With the pictures set aside, return the lines below exactly, beginning at the first and ending at the line containing "綿100％ メンズ半袖Tシャツ（バックプリント） 通気性".

_Available data_:
= Beginning of Section =

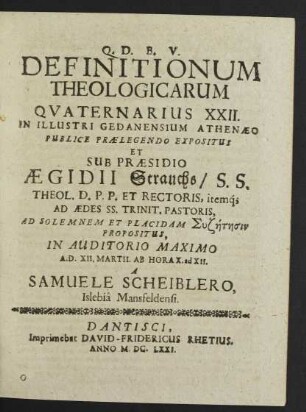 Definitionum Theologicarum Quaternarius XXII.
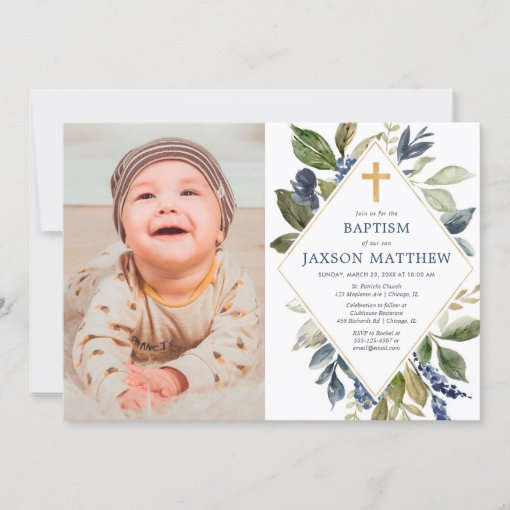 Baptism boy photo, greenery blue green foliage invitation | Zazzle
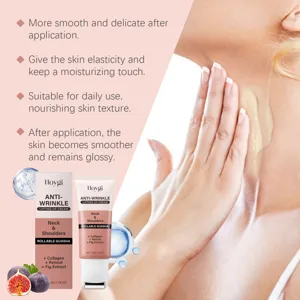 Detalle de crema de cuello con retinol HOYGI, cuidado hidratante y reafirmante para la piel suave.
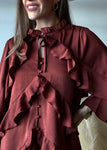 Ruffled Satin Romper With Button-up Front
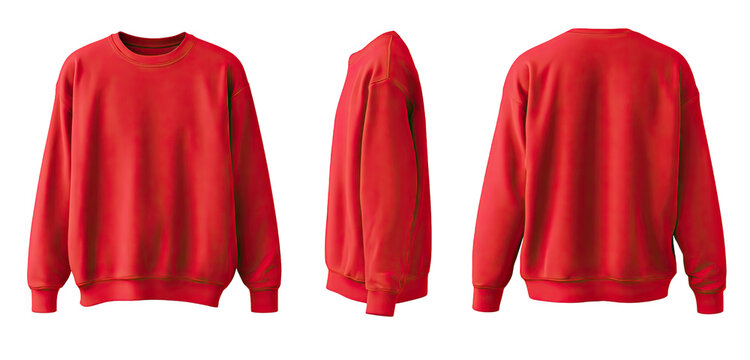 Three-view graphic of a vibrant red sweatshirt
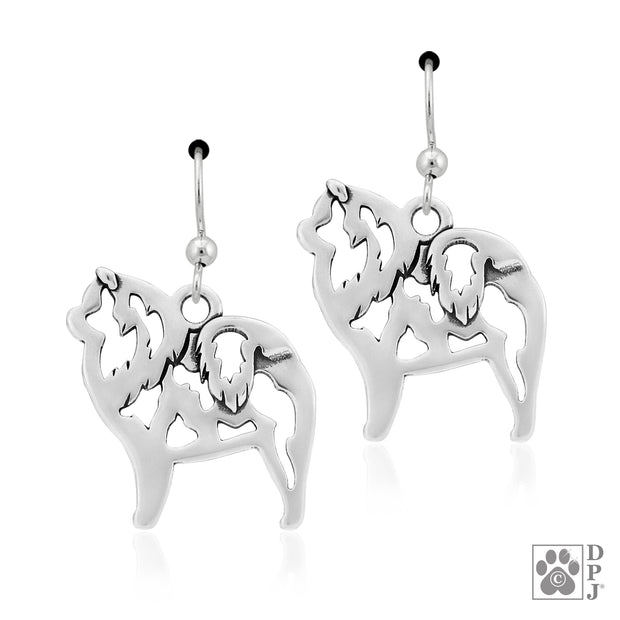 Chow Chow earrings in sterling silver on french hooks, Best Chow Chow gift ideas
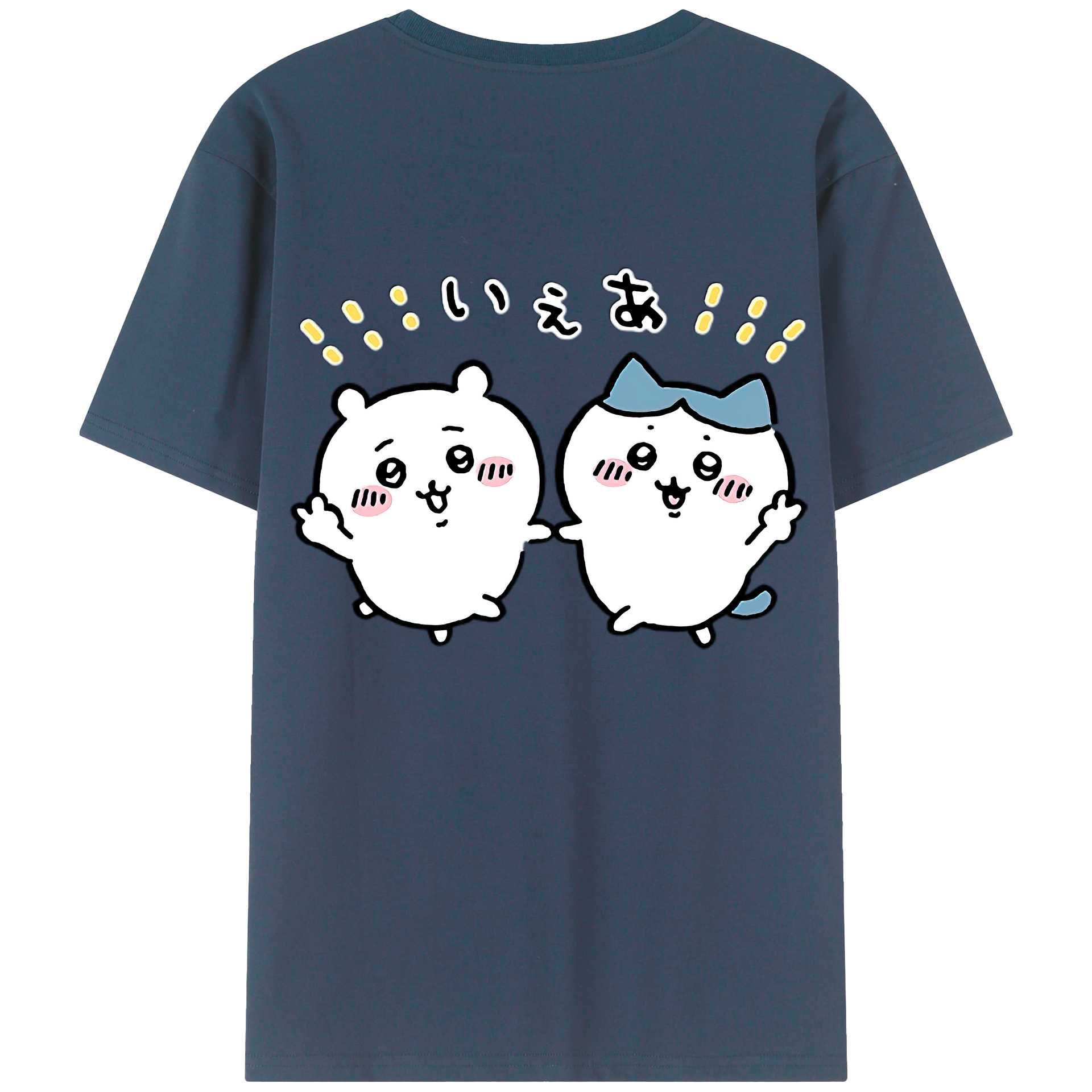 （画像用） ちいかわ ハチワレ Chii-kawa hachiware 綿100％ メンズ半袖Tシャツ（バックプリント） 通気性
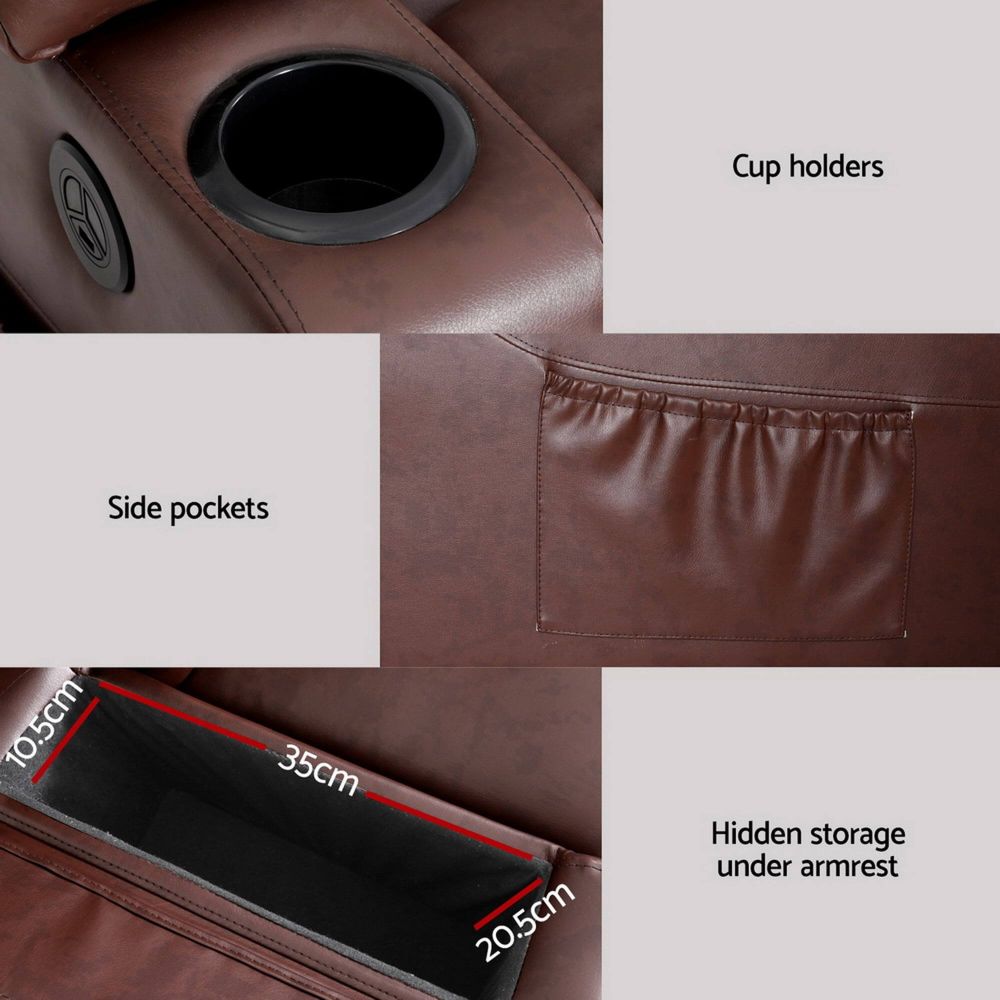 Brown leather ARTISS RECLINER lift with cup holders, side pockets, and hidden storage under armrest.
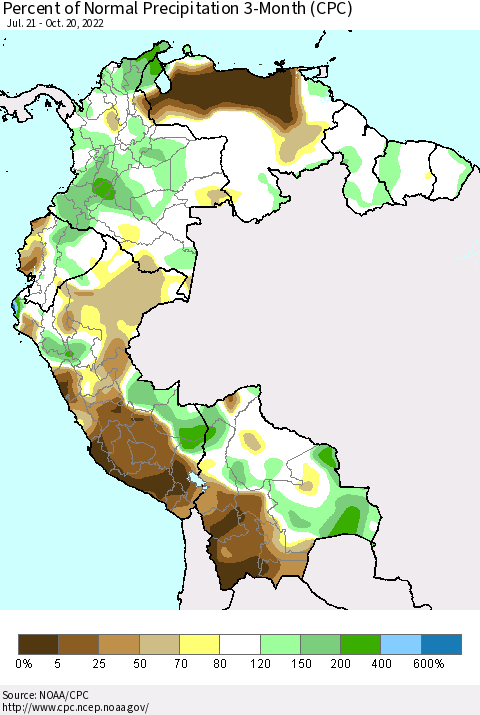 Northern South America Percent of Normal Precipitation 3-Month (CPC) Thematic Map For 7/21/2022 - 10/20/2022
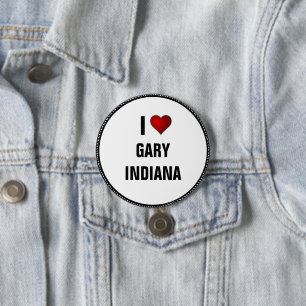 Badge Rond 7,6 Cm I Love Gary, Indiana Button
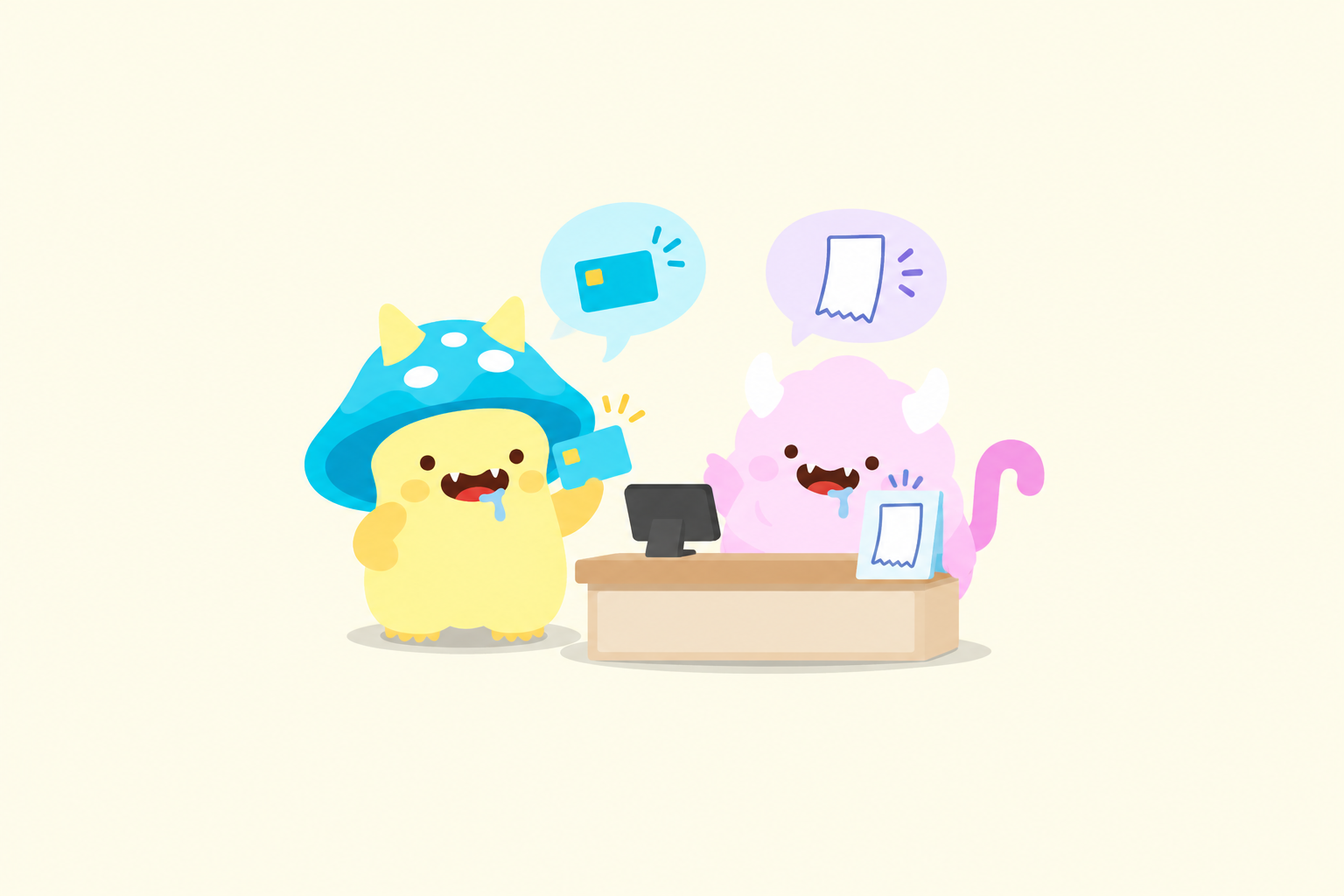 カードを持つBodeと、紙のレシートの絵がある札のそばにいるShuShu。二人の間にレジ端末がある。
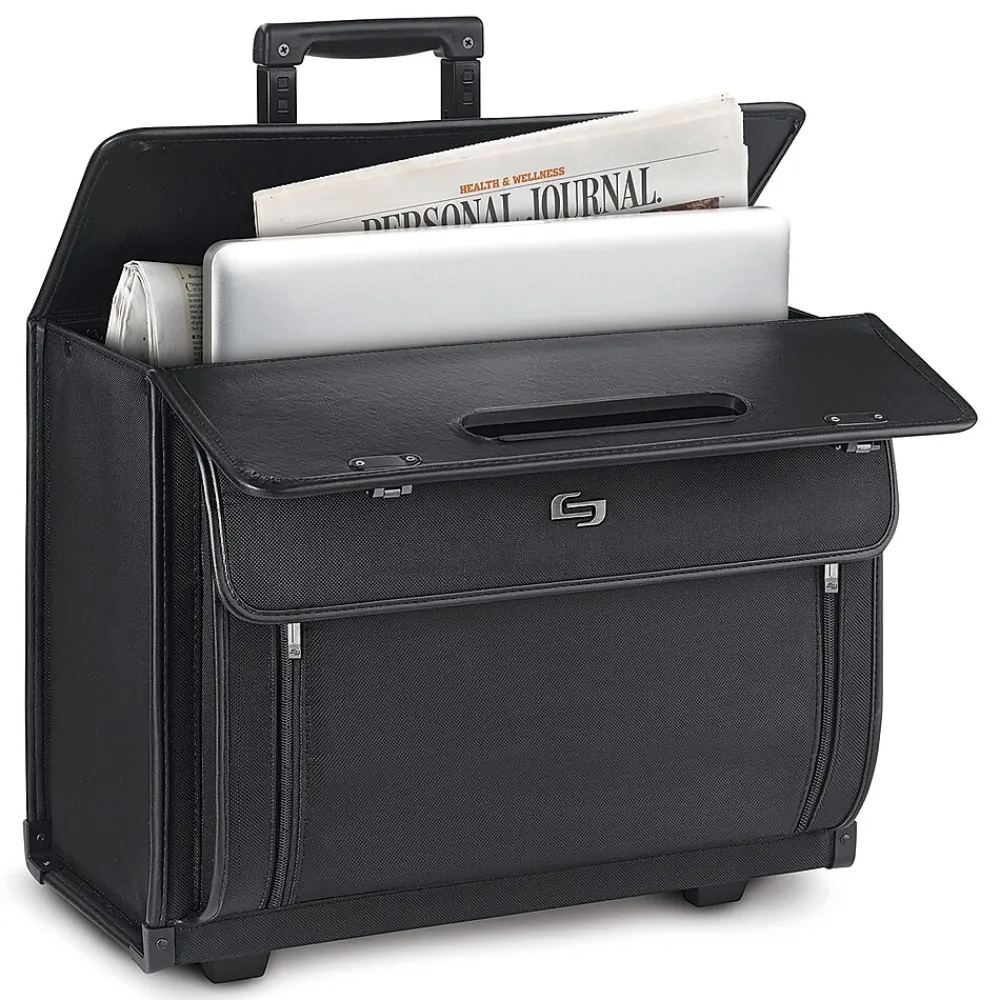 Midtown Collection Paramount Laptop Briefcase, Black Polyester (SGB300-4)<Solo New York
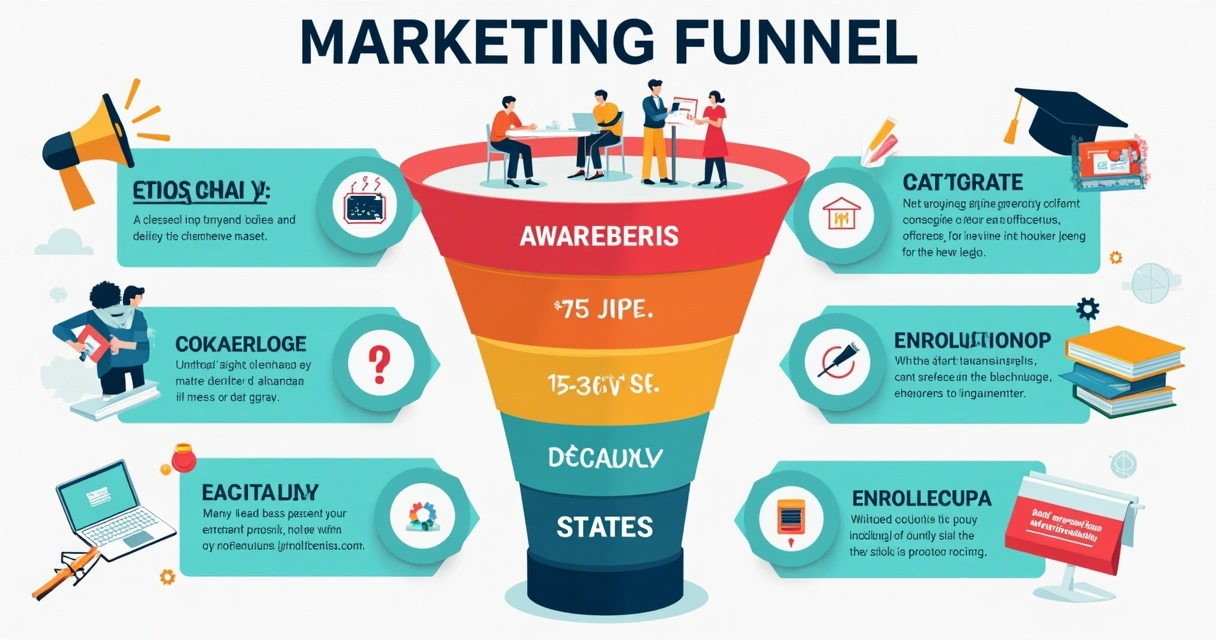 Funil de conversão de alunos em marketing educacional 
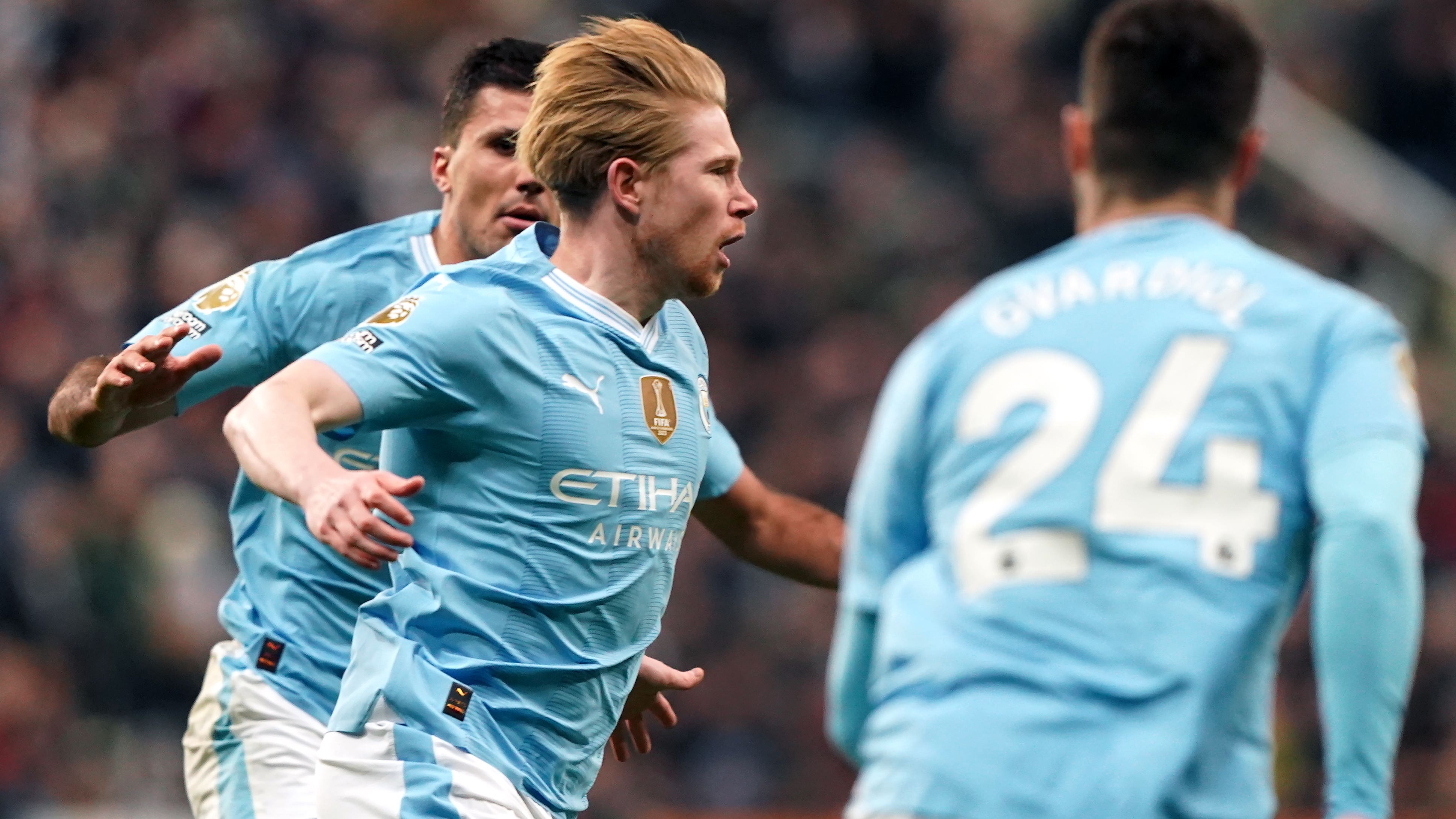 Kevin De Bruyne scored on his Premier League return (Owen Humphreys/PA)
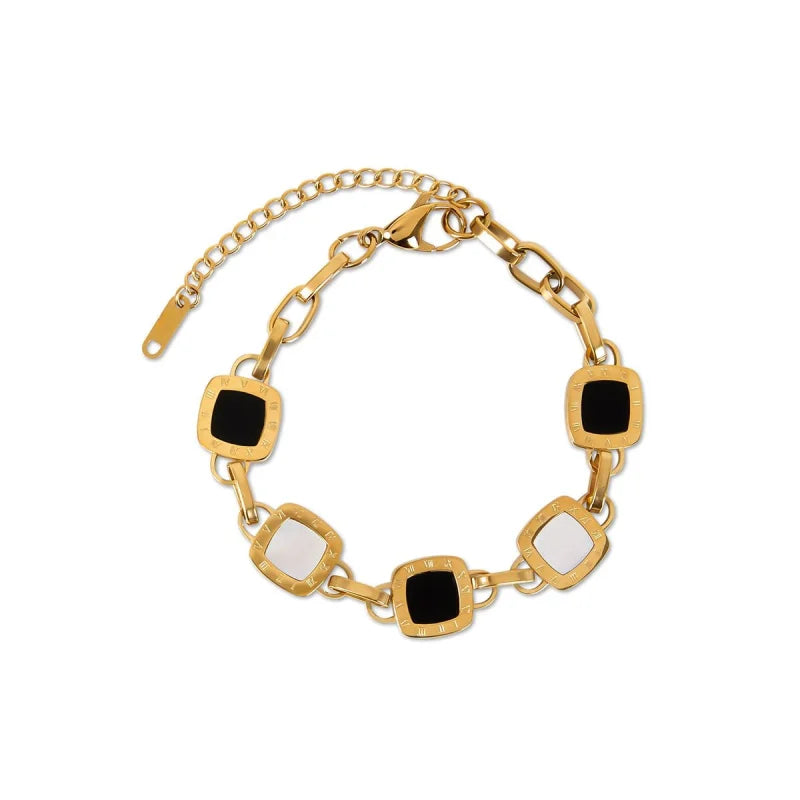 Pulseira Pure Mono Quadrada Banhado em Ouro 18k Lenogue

= End of Section =

_Solution_:
 Definitionum Theologicarum Quaternarius XXII.
 Baptism boy photo, greenery blue green foliage invitation | Zazzle
 Detalle de crema de cuello con retinol HOYGI, cuidado hidratante y reafirmante para la piel suave.
 Ruffled Satin Romper With Button-up Front
 Three-view graphic of a vibrant red sweatshirt
 Chow Chow earrings in sterling silver on french hooks, Best Chow Chow gift ideas
 （画像用） ちいかわ ハチワレ Chii-kawa hachiware 綿100％ メンズ半袖Tシャツ（バックプリント） 通気性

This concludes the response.